Originally the government distributed vaccines across the province in an equal manner. (No politician wanted to be seen as favouring one group or region over another, after all.) More recently, however, the province realized it should offer more vaccines in “hot spots” – areas and workplaces where the positivity rate is highest. This strategy is being implemented, in part, using “pop up” vaccine clinics. Pop ups are great for those plugged into social media, where you can get rapid updates about the length of line-ups and the number of doses still available. For others, however, pop ups aren’t that helpful. Thankfully, a bunch of digitally savvy community volunteers formed a group called Vaccine Hunters to help people register for vaccines and to keep people up-to-date on where they can find them. That’s how keen people are here to get vaccinated!  

So, with this backdrop, you can imagine how folks here feel when they hear about the lengths U.S. leaders are going to to bribe Americans to get a Covid vaccine. A few days ago, for example, we heard that New York’sgovernor authorized free vaccines to folks attending Toronto Blue Jays games in Buffalo in June. The shots will be available to ticket holders on their way into the game. Nice gesture, sure. But for Jays fans who live north of the border, it’s rather bittersweet, given that we can’t get down to Buffalo for games (or a jab) because the Canada – US border remains closed.  

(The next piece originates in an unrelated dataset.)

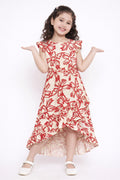 Girls Knee Length All over Print Dress - Brown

And then there was the governor of Ohio’s announcement of “Vax a Million” (that’s what he called it!) – a weekly draw that’ll pay out five $1 million dollar prizes. The lottery, which starts on May 26th, is open to all Ohio residents who are 18 or older and who have been vaccinated. (There will also be five draws for full-ride scholarships to state universities for Ohio teens who get vaccinated.) Apparently 42% of Ohio residents have had one vaccine to date, but the rate at which people have gotten vaccinated has dropped nearly 80% since early April.  

Ohio and New York aren’t the only states offering residents incentives for vaccinating. Maine is offering free hunting and fishing licenses, LL Bean gift cards, and other prizes. West Virginia is offering vaccinated residents aged 16-35 $100 savings bonds. New Jersey has a program where folks 21 and over can get a free beer when they get vaccinated. Various companies and employers are also offering prizes and give-aways to vaccinated customers and employees.  

While I think it’s fine if someone wants to offer a small token to encourage people to act promptly (folks who may have been too busy to find time) or to recognize their effort. To me that’s like giving a kid a lollypop after they go to the doctor – a feel-good gesture. But feeling you need to bribe citizens to the tune of $1 million to take a vaccine to help end a pandemic that has taken over 3.3 million lives world-wide is very different. Frankly, it’s offensive.  

At a time when billions of people around the world are desperate for the vaccine, how dare some people not realize that the vaccine is the prize.